Problem description: Go to the line containing "Lot 38 - An 18th century oak panelled coffer" below; retype it and all following lines exactly, and leave out the pictures.

(Captioned web image data)
▬▬▬▬▬▬▬▬▬▬
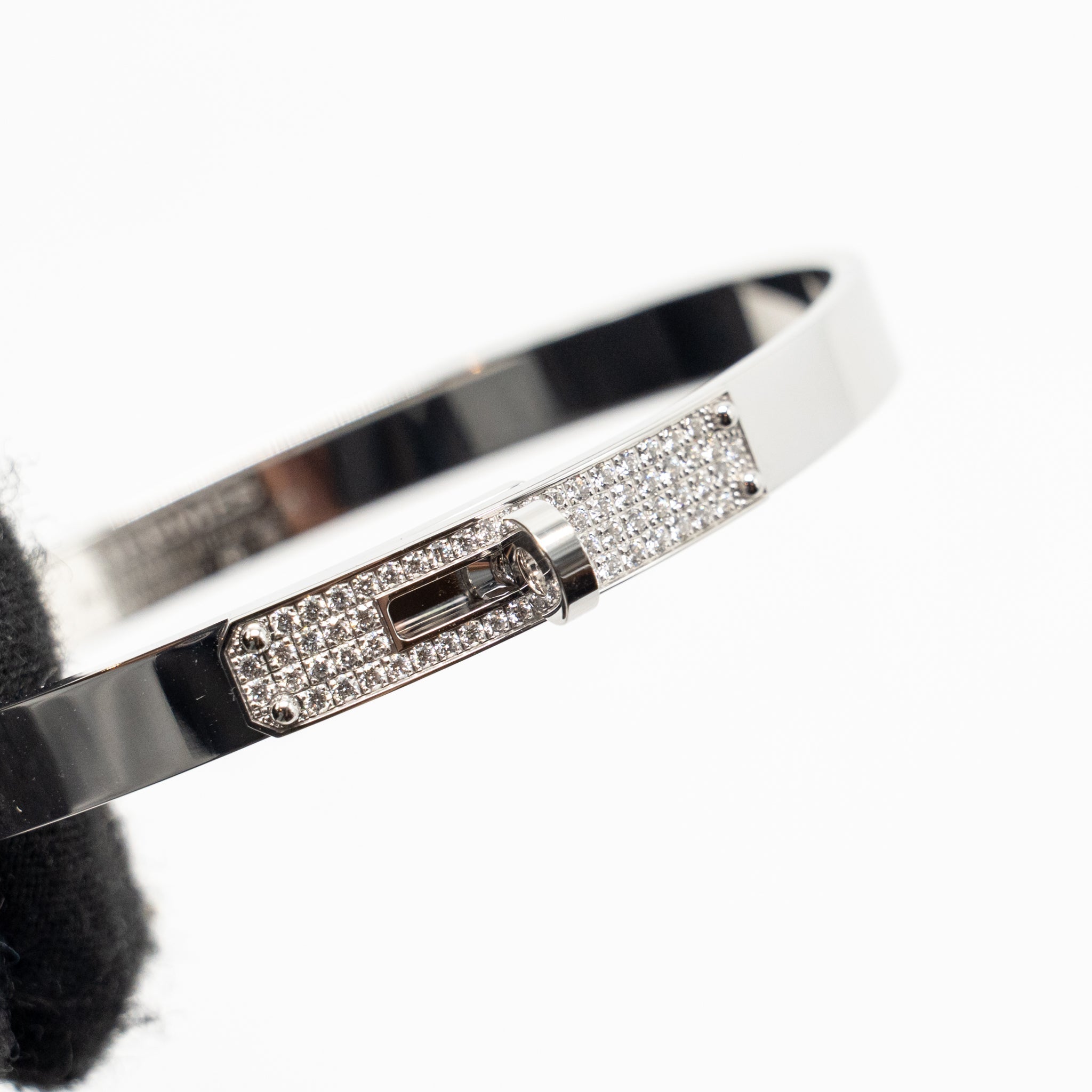 HERMES KELLY BRACELET WHITE GOLD WITH DIAMONDS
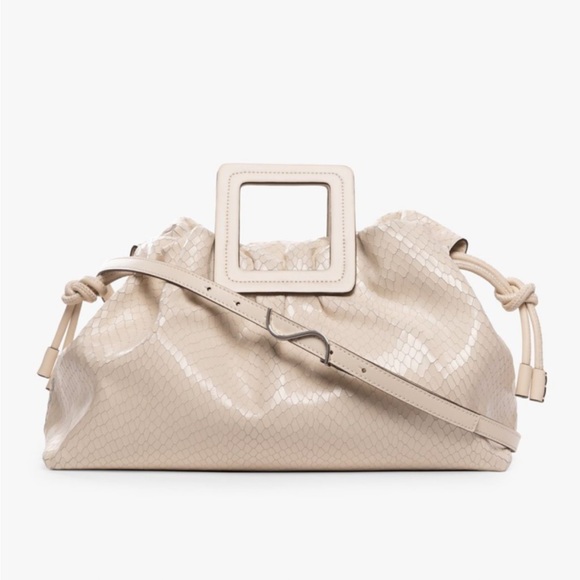 STAUD SHIRLEY LARGE CARRYALL BAG | CREAM SNAKE EMBOSSED *NEW W/TAGS* - Picture 3 of 7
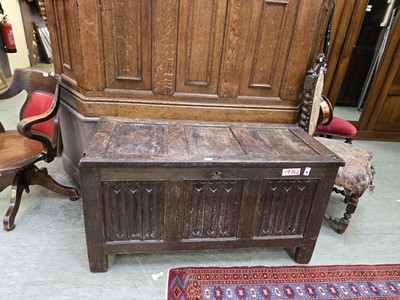 Lot 38 - An 18th century oak panelled coffer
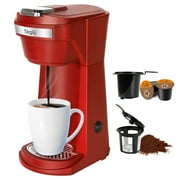 2 in 1 Single Serve Coffee Maker for K Cup Pods & Ground Coffee, Mini K Cup Coffee Machine with 6 to 14 oz Brew Sizes, Single Cup Coffee Brewer with One-Press Fast Brewing, Reusable Filters,Red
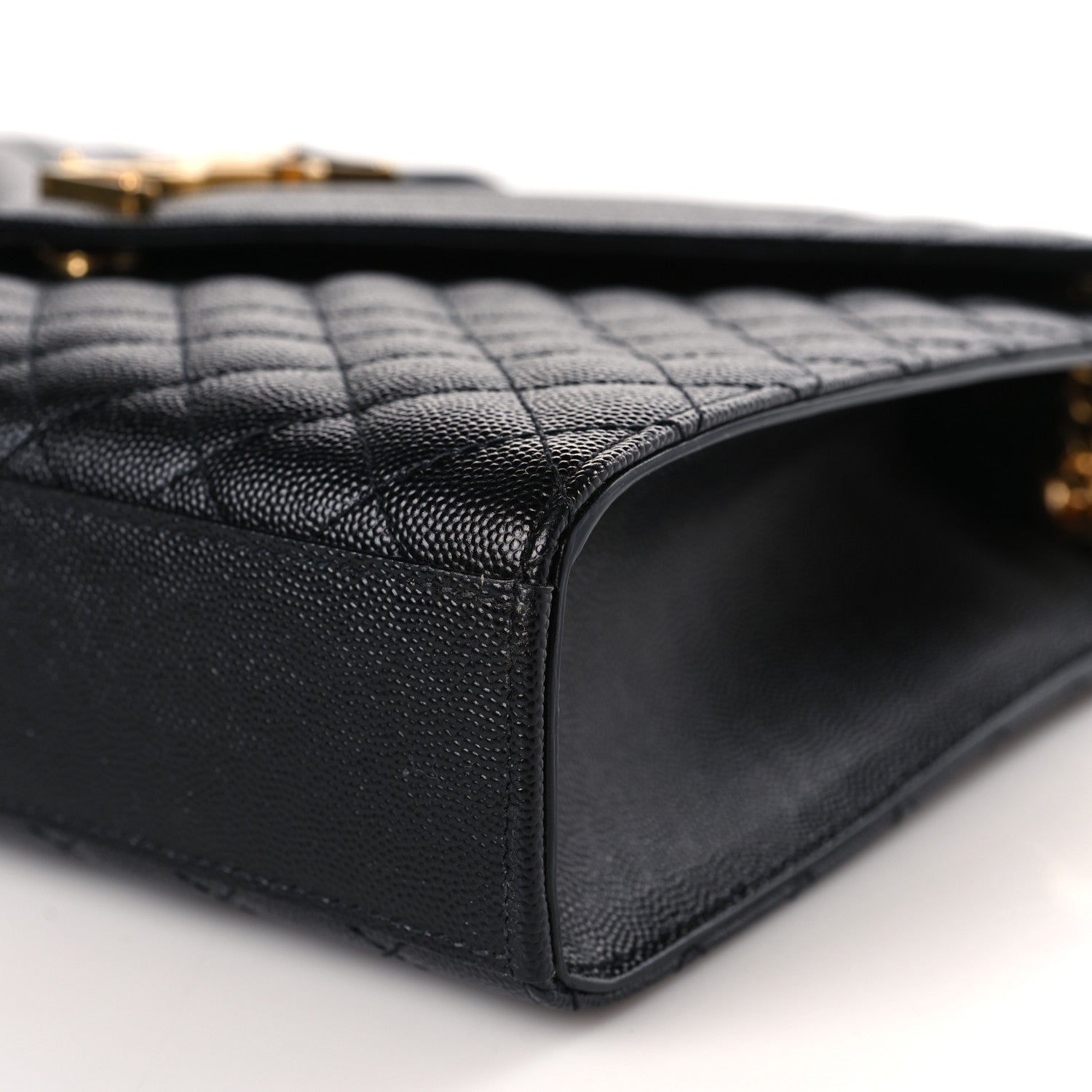 Saint Laurent Grain De Poudre Textured Mixed Matelasse Large Triquilt Monogram Satchel Black 8 of 8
▬▬▬▬▬▬▬▬▬▬
Written solution:
 Lot 38 - An 18th century oak panelled coffer
 2 in 1 Single Serve Coffee Maker for K Cup Pods & Ground Coffee, Mini K Cup Coffee Machine with 6 to 14 oz Brew Sizes, Single Cup Coffee Brewer with One-Press Fast Brewing, Reusable Filters,Red
 Saint Laurent Grain De Poudre Textured Mixed Matelasse Large Triquilt Monogram Satchel Black 8 of 8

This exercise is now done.